Smith Anderson Blount Dorsett Mitchell & Jernigan, LLP, by
Donald H. Tucker, Jr. and J. Mitchell Armbruster, and Brobeck
Phleger & Harrison, LLP, by Francis S. Chlapowski, for
defendants-appellants.
STEELMAN, Judge.
Defendants, Merrill Lynch, Pierce, Fenner & Smith, Inc.;Jeffrey J. Lane; Anthony (Mike) Cuomo; and Douglas Hornberger,
appeal an order of the trial court denying their motion to stay
proceedings and compel arbitration. They set forth three
assignments of error. For the reasons discussed herein, we reverse
and remand this case.
In 1986, plaintiff Park Family Dentistry established a working
cash management account (WCMA) with Merrill Lynch. Between 1994
and 2000, plaintiffs David Park and Junhie Park established four
individual retirement accounts (IRAs) with Merrill Lynch. On each
of the IRA accounts, an Adoptive Agreement was executed. The
Adoptive Agreements incorporated by reference IRA Custodial
Agreements which specifically provided for arbitration in the event
of any controversies that may arise with the accounts.
The WCMA had a margin feature which was used to purchase
stocks. The account was heavily invested in technology stocks.
When the value of the technology stocks dropped sharply, Merrill
Lynch called the margin accounts, resulting in substantial losses
to plaintiffs.
Plaintiffs filed this action against Merrill Lynch and Lane,
Cuomo and Hornberger, who are employees or former employees of
Merrill Lynch who provided investment advice to plaintiffs.
Plaintiffs alleged three claims under North Carolina law: (1)
violations of Chapter 78 of the North Carolina General Statutes
regarding sales of securities; (2) negligence in advisingplaintiffs on investments and margin trading; and (3) breach of
fiduciary duty.

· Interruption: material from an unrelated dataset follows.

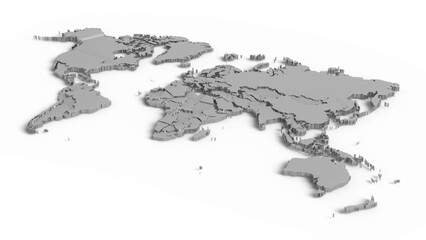 Grey color world map on white background. 3D rendering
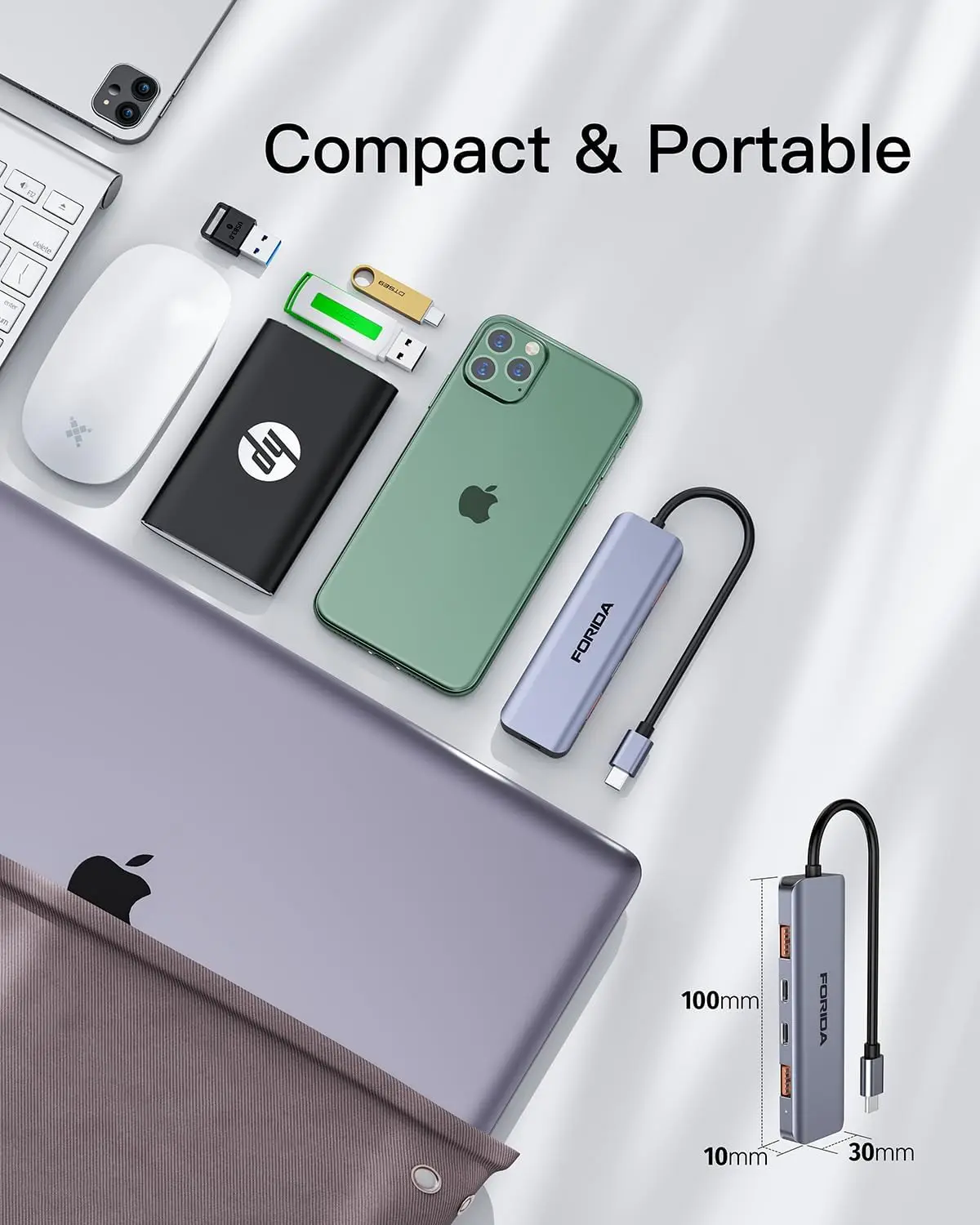 FORIDA 5 in 1 USB 3.2 HUB 10Gbps Splitter Expansion USB A Type C HUB PD 100W Adapter for Laptop MacBook iPad Xiaomi Samsung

None of plaintiffs' claims are brought under
federal securities law.
Defendants filed a motion to stay the proceedings and compel
arbitration on 31 December 2001. Defendants alleged that
plaintiffs executed agreements when they opened each of their
accounts, which required that disputes involving the accounts be
arbitrated.
The trial court conducted a hearing on defendants' motion. It
concluded that: (1) defendants had the burden to demonstrate the
existence of an enforceable arbitration agreement; and (2)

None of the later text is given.